This drawing is part of a series of at least eleven sheets of mainly military scenes, sold at auction in 1936 and there acquired by Sir Robert Witt. Three entered the Courtauld Gallery (inv. D.1952.RW.2789.1-3), others are now at the Metropolitan Museum of Art (inv. 66.127, 68.203; see Bean and Turčić, op. cit., nos. 54, 55, ill.), and the National Gallery of Art, Washington, D.C. (inv. 2010.93.17; see exhib. cat. Washington, D.C., National Gallery of Art, 2012, no. 9, ill.). Walter Vitzthum, who first studied the group (Cento disegni napoletani. Sec. XVI-XVIII, exhib. cat. Florence, Gabinetto Disegni e Stampe degli Uffizi, 1967, p. 16, under no. 4, as Corenzio), added two more drawings, in the Cooper Hewitt, Smithsonian Design Museum (inv. 1938-88-7080), and in the Biblioteca Nacional de Espana, Madrid (A. M. de Barcia, Catálogo de la colección de dibujos originales de la Biblioteca Nacional, Madrid, 1906, no. 8105, as Anonymous Italian).
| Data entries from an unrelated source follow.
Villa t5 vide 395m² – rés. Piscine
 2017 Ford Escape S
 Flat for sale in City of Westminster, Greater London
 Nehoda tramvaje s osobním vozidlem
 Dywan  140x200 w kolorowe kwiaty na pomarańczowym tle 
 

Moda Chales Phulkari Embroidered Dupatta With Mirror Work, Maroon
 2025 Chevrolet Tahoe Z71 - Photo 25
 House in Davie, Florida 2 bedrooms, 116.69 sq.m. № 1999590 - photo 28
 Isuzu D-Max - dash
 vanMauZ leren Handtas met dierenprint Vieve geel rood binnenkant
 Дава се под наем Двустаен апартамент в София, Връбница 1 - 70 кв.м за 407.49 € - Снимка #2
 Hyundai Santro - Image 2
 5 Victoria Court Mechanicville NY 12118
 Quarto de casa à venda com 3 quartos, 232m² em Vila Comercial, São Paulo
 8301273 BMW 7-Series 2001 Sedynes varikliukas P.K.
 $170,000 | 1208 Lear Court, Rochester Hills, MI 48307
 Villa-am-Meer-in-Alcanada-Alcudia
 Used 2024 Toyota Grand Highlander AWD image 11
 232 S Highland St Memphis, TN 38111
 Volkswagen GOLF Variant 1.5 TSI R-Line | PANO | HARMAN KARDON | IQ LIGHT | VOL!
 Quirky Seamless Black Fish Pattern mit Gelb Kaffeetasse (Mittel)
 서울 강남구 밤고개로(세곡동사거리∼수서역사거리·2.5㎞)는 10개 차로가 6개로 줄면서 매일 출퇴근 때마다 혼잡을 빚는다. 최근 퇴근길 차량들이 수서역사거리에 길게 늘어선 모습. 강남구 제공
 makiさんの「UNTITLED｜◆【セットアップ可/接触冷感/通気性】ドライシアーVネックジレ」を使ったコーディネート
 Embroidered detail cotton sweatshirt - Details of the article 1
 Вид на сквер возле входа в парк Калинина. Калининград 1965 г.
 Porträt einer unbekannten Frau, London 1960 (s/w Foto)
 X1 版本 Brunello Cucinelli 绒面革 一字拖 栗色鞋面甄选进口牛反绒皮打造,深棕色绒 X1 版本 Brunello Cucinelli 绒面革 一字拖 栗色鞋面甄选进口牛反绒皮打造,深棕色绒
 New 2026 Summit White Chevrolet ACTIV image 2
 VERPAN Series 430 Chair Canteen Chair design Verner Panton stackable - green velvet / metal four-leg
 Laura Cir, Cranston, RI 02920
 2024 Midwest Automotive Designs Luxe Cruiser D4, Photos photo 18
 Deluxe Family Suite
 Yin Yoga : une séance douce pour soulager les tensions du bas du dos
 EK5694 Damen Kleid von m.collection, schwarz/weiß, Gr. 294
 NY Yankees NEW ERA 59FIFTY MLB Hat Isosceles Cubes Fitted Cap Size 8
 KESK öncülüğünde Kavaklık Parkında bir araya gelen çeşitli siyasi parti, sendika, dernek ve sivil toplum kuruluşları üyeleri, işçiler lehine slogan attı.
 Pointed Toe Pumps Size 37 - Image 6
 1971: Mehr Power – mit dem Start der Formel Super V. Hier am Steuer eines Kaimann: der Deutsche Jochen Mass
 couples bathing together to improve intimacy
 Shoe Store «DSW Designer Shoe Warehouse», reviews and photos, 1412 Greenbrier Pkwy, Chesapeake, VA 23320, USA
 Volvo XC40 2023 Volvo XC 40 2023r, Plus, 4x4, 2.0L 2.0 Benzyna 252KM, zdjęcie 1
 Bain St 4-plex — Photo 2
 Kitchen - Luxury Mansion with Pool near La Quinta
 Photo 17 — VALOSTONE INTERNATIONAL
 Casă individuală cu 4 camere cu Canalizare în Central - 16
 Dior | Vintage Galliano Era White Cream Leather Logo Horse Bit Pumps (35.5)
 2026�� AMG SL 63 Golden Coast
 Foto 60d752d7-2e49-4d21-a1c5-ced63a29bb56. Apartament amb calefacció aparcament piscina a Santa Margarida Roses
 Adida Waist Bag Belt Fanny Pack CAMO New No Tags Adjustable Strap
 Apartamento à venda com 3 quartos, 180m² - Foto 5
Traditionally, these sheets have been attributed to the Neapolitan artist of Greek descent, Belisario Corenzio, whose secure works, however, are somewhat different from those in the series, characterized by delicate blue wash contrasting with the fine brown penwork. More convincing has been the attribution, first proposed by Silvia Musella Guida (‘Giovanni Balducci fra Roma e Napoli’, Prospettiva, XXXI, 1982, p. 44), and later defended by Mario Di Giampaolo (op. cit., 1992 and 2010), to the Tuscan-born Giovanni Balducci, who moved to Naples by the end of the 16th Century. On the basis of an old inscription on one of the sheets, the drawings are generally thought to represent scenes from the life of Don Juan of Austria, natural son of Charles V, and victor of the Turks at the Battle of Lepanto, who resided in Naples in the 1570s. However, the full extent of the narrative and its precise subject deserve to be further studied. It is evident from the squaring in black chalk that the drawings were made in preparation of an ambitious, but as yet to be identified decorative cycle, probably frescoes or tapestries.